July 17, 2017 · 5 min read
Prioritize your way to greater success.
July 17, 2017
Creating a company culture to please everyone can be a daunting task. Since individual preferences and requirements vary so dramatically, some may even consider it impossible. But take heart… There are a few universal rules to follow on the subject. Don’t believe these 5 common myths that plague offices around the world.
If you’ve ever eaten lunch at your desk because you have “so much to do” then you’re in for a crazy surprise.
All evidence on the subject shows that skipping breaks results in disengagement, dissatisfaction, and inefficiency. Tony Schwartz, the head of a New York City-based productivity consulting firm called “The Energy Project” said it best: “The trouble is that, without any downtime to refresh and recharge, we’re less efficient, make more mistakes, and get less engaged with what we’re doing.”
There are a number of compelling and scientific reasons for this. First, to put it simply, boredom is the death of productivity. Taking breaks will keep you from getting bored, thus helping you stay focused! Secondly, when you’re working ceaselessly on the same task it’s easy to lose sight of your big-picture goal. And if you lose sight of the big-picture goal in your work, you can kiss job satisfaction goodbye.
The verdict on taking more breaks is spelled out pretty clearly, so why aren’t we taking more breaks? Guilt is the key word here. We carry around the idea that if we take breaks we’ll be seen as lazy. A study of office workers and managers by Staples discovered that more than a quarter of workers don’t take a break other than lunch.

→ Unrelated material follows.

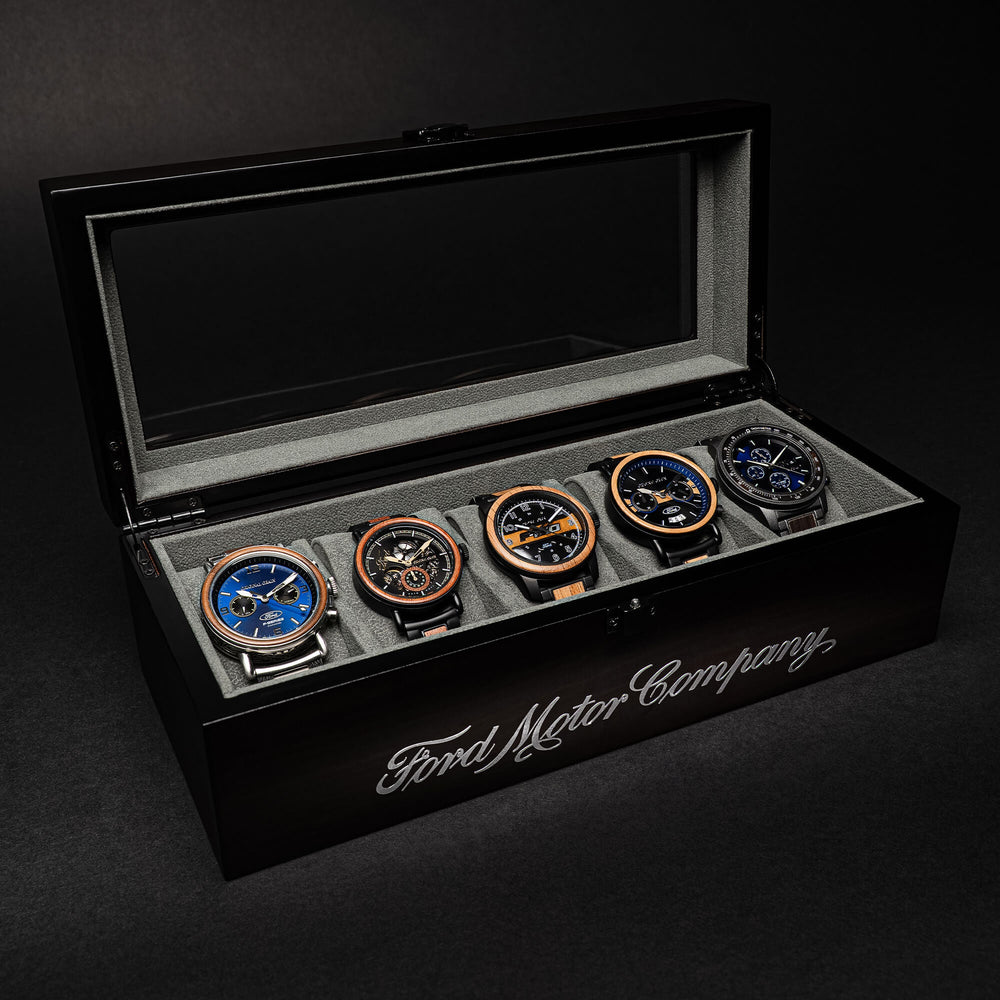 Ebony watch holder with lid open; 5 watches displayed in slots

One in five employees said guilt was the reason they don’t step away from their workspaces.
What to do? encourage a break-friendly office culture.
“Spoiling employees is no substitute for engaging them,” found a 2013 State of the American Workplace study by Gallup.
Especially in the startup world, there seems to be an unshakable belief that free perks will bring your employees happiness. However, evidence is mounting that food and ping-pong tables won’t influence overall employee satisfaction if more basic needs aren’t being met. Studies show that you should instead invest your resources in creating a flexible workplace and fostering psychological safety. Frank Bosco, assistant professor of management at the Virginia Commonwealth University School of Business said: “If these basic needs are not fulfilled, then even the most extravagant perks will be little more than window dressing.”
What can you do? Start with the bedrock of any happy office culture: psychological safety: the unexpected key to great company culture
Working from home has actually been found to be equally or even more productive than working from the office. Sure that’s cool factoid, but where it really gets good is the long term benefits gained like employee retention, employee satisfaction and lower workplace anxiety. “a good rule of thumb is to let employees have one to two days a week at home.” says Nicholas Bloom, professor of Economics at Stanford University. “It’s hugely beneficial to their well-being, helps you attract talent, and lowers attrition.” The airline JetBlue is famous for implementing a program like this. “When I asked the people at JetBlue about this policy, they said it helped them gain access to educated, high-ability mothers who wanted flexibility in their jobs.”
What can you do? Give employees the option to work from home one day a week, or the option to work a half day from home.
Speaking of flexibility, if you can’t quite swing the option to let your employees work from home, an equally beneficial option is offering “flex time” where employees work the same number of hours, but they get to choose when to put them in. This can be a simple gesture of 1-2 hour flexible arrival time, where employees can choose when they prefer to arrive (ie. arrive at 8 and leave at 5 or arrive at 10 and leave at 7.) Additionally, flexible offices are supportive of parents and nursing mothers, and having an inclusive office is more important than ever for business success.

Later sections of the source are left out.